## Supplied data
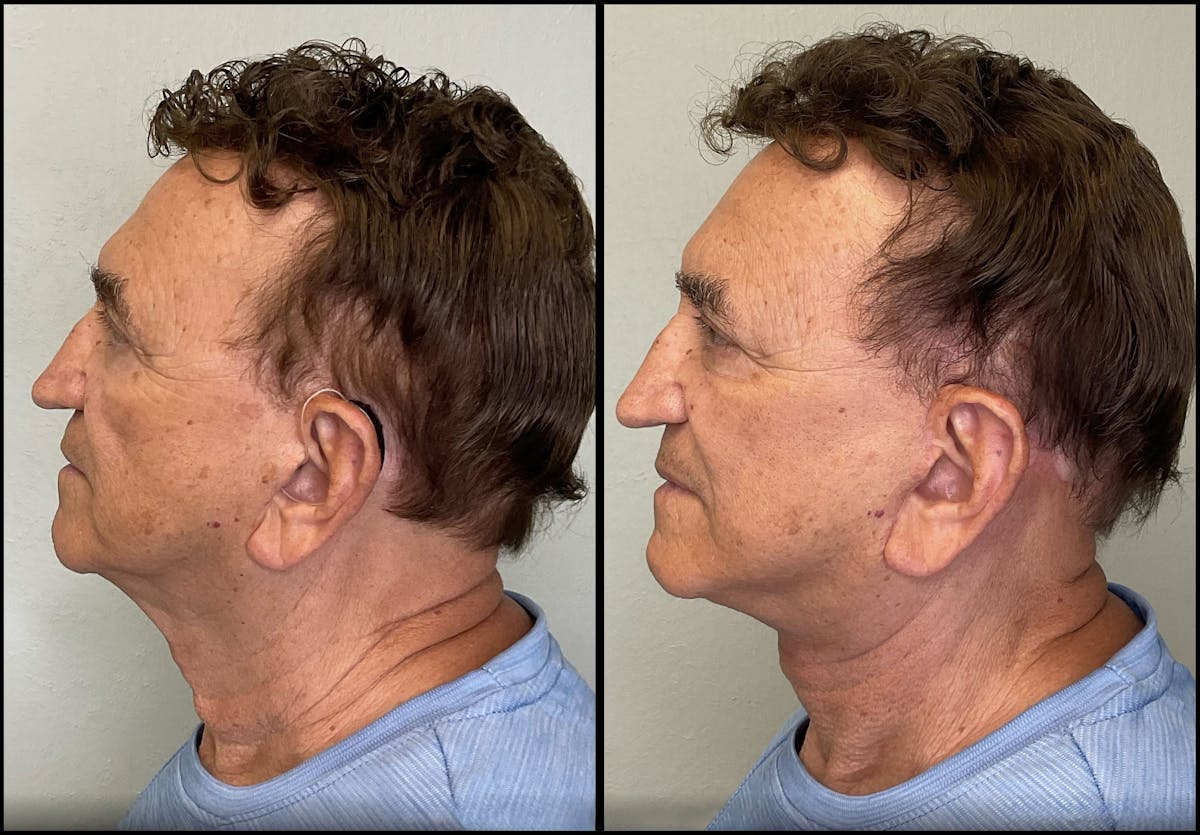 Modified Facelift Before & After Gallery - Patient 394362 - Image 5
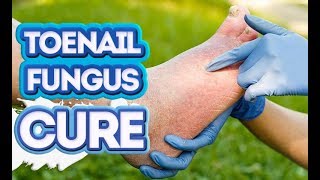 How to Cure Toenail Fungus Fast 3 BestEver Strategies [upl. by Melise]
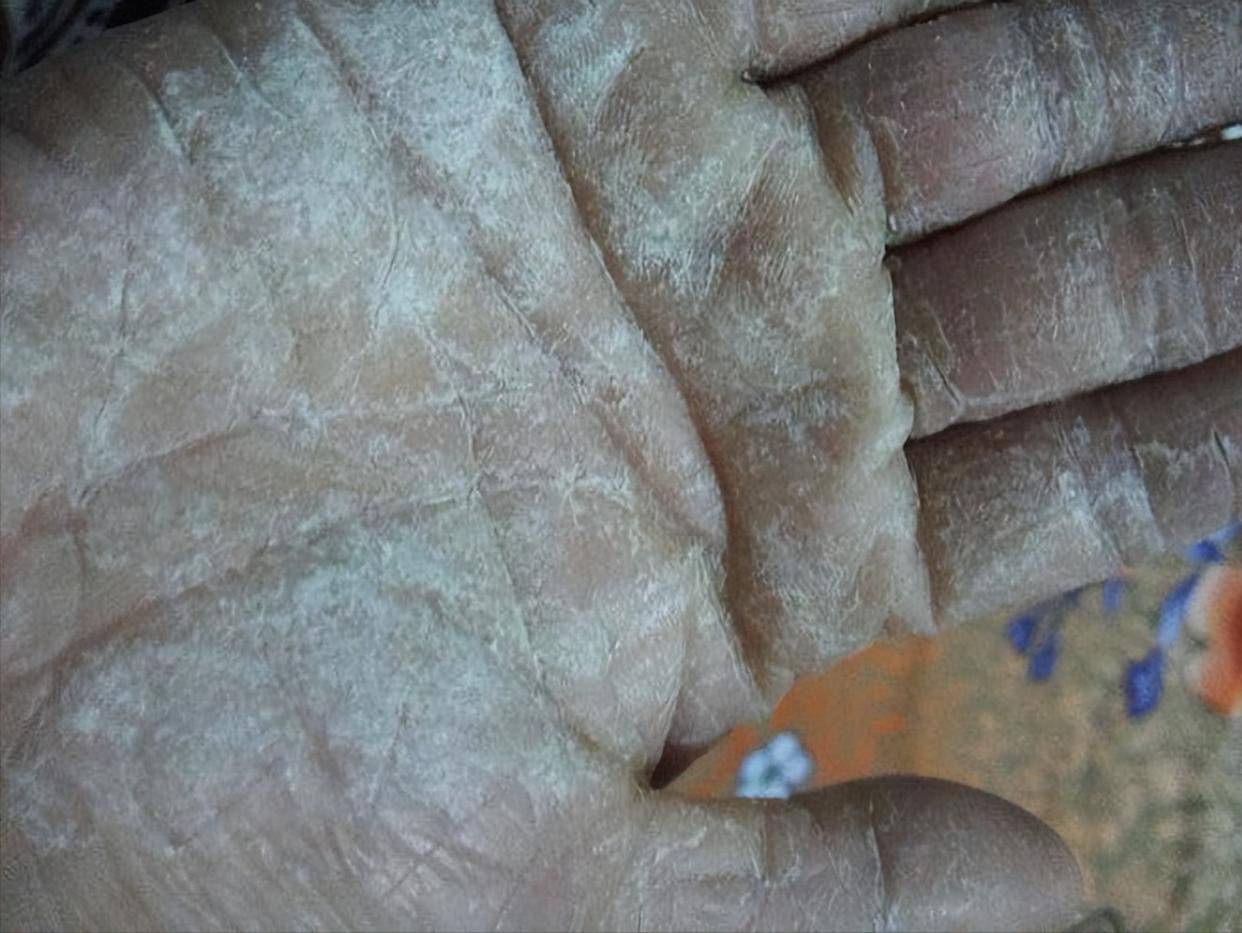 平价又好用的皲裂膏测评!干裂爆皮统统拿下!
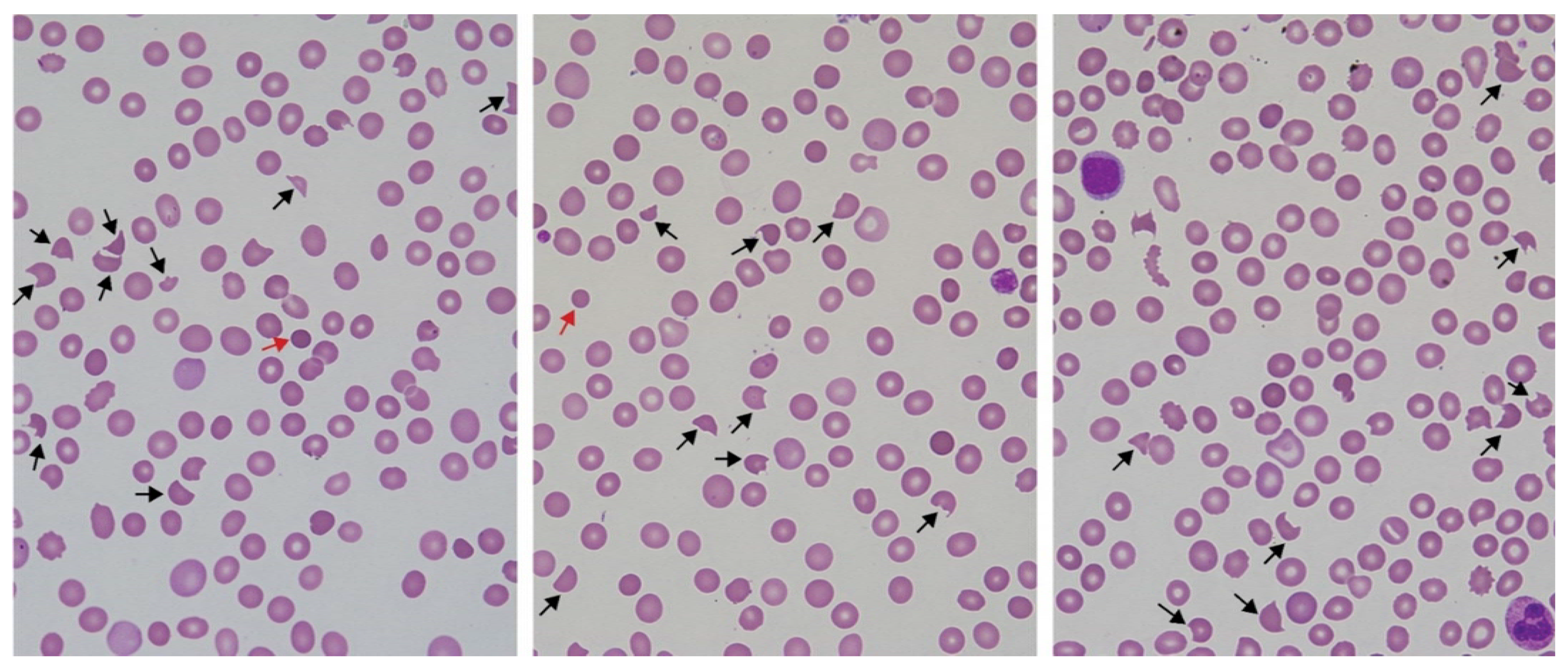 Toxins 14 00057 g002 Toxins 14 00057 g002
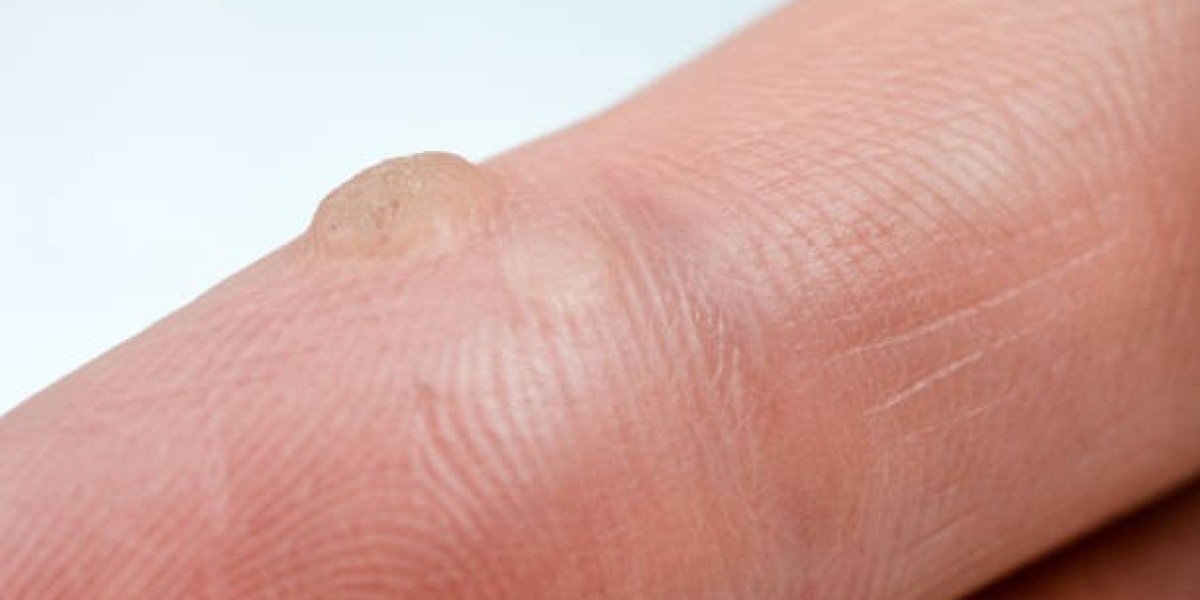 Maximize Your Recovery: The Benefits of Cryosurgery – Cryotherapy in Riyadh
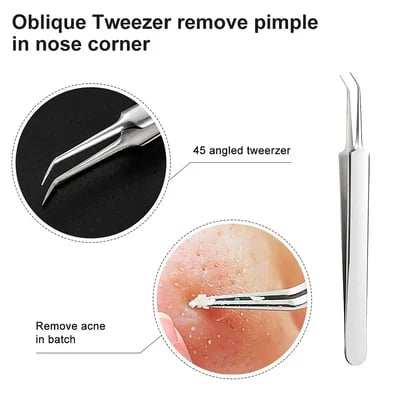 Professional Facial Blackhead Remover Tweezers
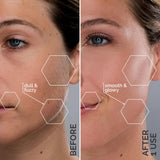 Michael Todd Beauty - Sonicsmooth Pro+ Dermaplaning Blade Refills - 8 Dermaplaning Blades- 2 Month Supply - Device Not Included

## Exercise prompt
Without the pictures, reproduce every record exactly as it appears above.

## Result
 Modified Facelift Before & After Gallery - Patient 394362 - Image 5
 How to Cure Toenail Fungus Fast 3 BestEver Strategies [upl. by Melise]
 平价又好用的皲裂膏测评!干裂爆皮统统拿下!
 Toxins 14 00057 g002 Toxins 14 00057 g002
 Maximize Your Recovery: The Benefits of Cryosurgery – Cryotherapy in Riyadh
 Professional Facial Blackhead Remover Tweezers
 Michael Todd Beauty - Sonicsmooth Pro+ Dermaplaning Blade Refills - 8 Dermaplaning Blades- 2 Month Supply - Device Not Included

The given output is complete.